上次来的时候,这里还是一片平地,如今,一座崭新的院子已经矗立在村边——正房三间,高大敞亮,窗户已经安上了,门也装好了;东厢房两间,对面还有两间厢房,虽然还没完全竣工,可主体已经立起来了;院子一角搭了一个灶房,旁边还有一个柴棚和一个鸡圈的雏形。院墙已经围起来了,虽然还没完全合拢,可整体的格局已经清清楚楚了。还有不少干活的人在忙呢。
丁冬九边走边看了好一会儿,心里踏实得很。
满仓正在院子里和泥,满银蹲在墙根下修补一处没抹平的墙缝。满金也在,正踩着梯子往门框上贴什么东西。三个人各忙各的,不用多说话。满仓先看见了丁冬九,放下手里的泥抹子,快步迎了出来:“舅,你咋来了?”“四姨夫!”。
丁冬九走进院子,四下看了一圈:“你舅母生了,我来送红鸡蛋,顺便看看房子咋样了。”
满仓一听,眼睛一下子亮了:“舅母生了?男娃女娃?”
“男娃。”
满仓咧嘴笑了,转过身朝院子里喊了一声:“爹!娘!舅母生了!是个弟弟!”
赵大夯从正房里跑出来,手里还攥着一把刨花,丁招娣带着村里妇人在院子后面那头大灶做饭,听着满仓喊的动静,赶紧过来了。看到了兄弟,“冬九,德胜。”喊了两声不知道先说哪一头的事。
丁冬九看着她那副样子,笑着说:“大姐,你咋了?不认识我了?”
丁招娣拍一下丁冬九胳膊,大声说:“一梅生了?大人孩子都好吧?”
“都好,母子平安。”
丁招娣听了,松开他的胳膊,转过身去,对着那几间新盖的正房,双手合十,拜了拜,嘴里念叨了几句什么,又转回来,开始语无伦次地说起房子的事:“冬九你看,正房三间,东厢房两间,对面还有两间,灶房、柴棚、鸡圈都有,院墙也围起来了……你姐夫这些天瘦了一圈,可精神好得很,走路都带风……我天天晚上睡不着,半夜起来看一遍房子,看着看着就想哭……”

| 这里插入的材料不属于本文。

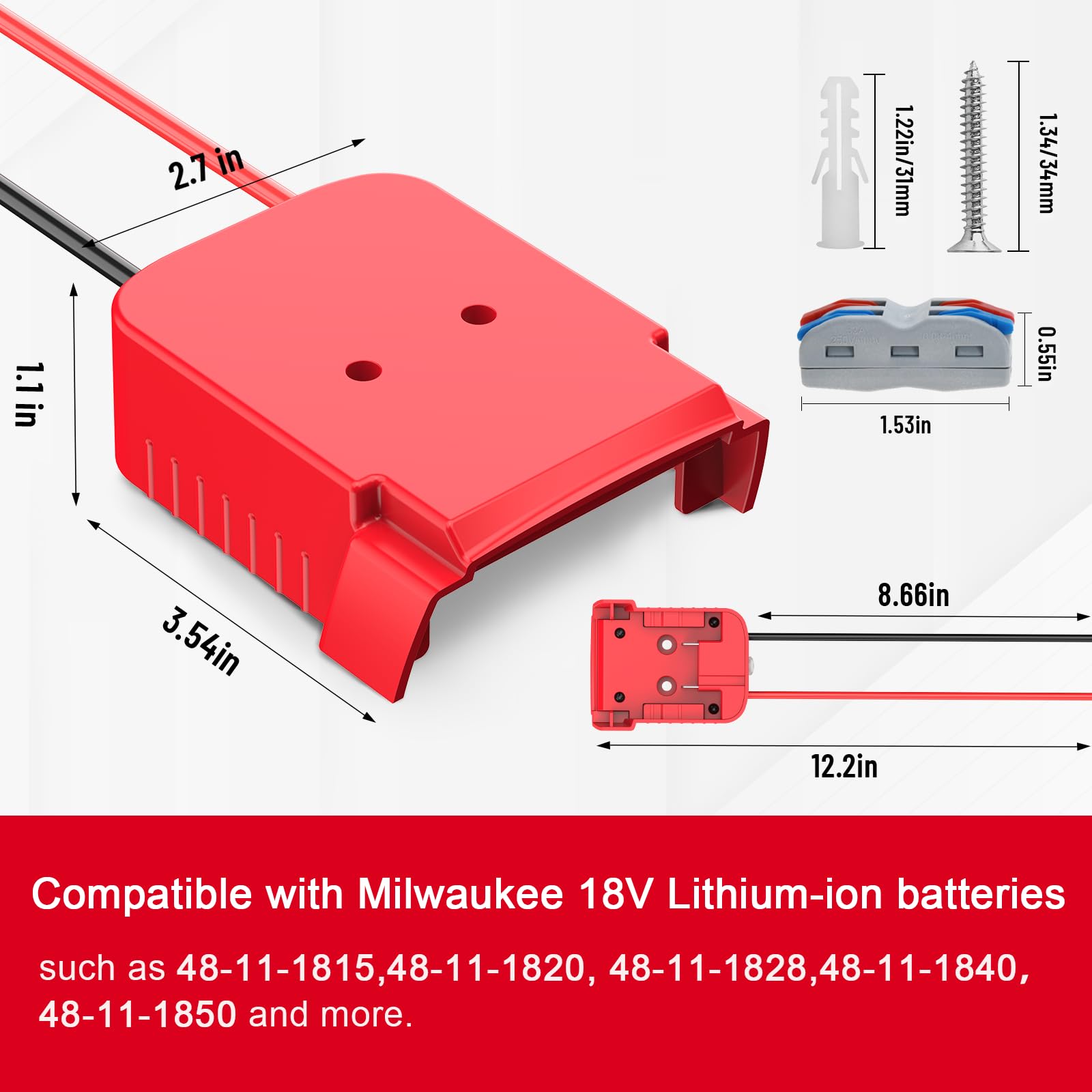 Power Wheel Adapter Compatible With Milwaukee 18V Battery   Overdischarge & Overcurrent Protection, Upgraded Power Wheel Battery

满仓在旁边插了一句嘴:“舅,我妈都魔怔了,房子盖起来之后,天天笑一阵子哭一阵子的。”
丁冬九听了,看着丁招娣,认真地说了一句:“大姐,你可不敢这样疯疯癫癫的。这要是让外人看见了,谁家女子敢嫁到你家来当儿媳妇?好日子还在后头呢,你得稳住。”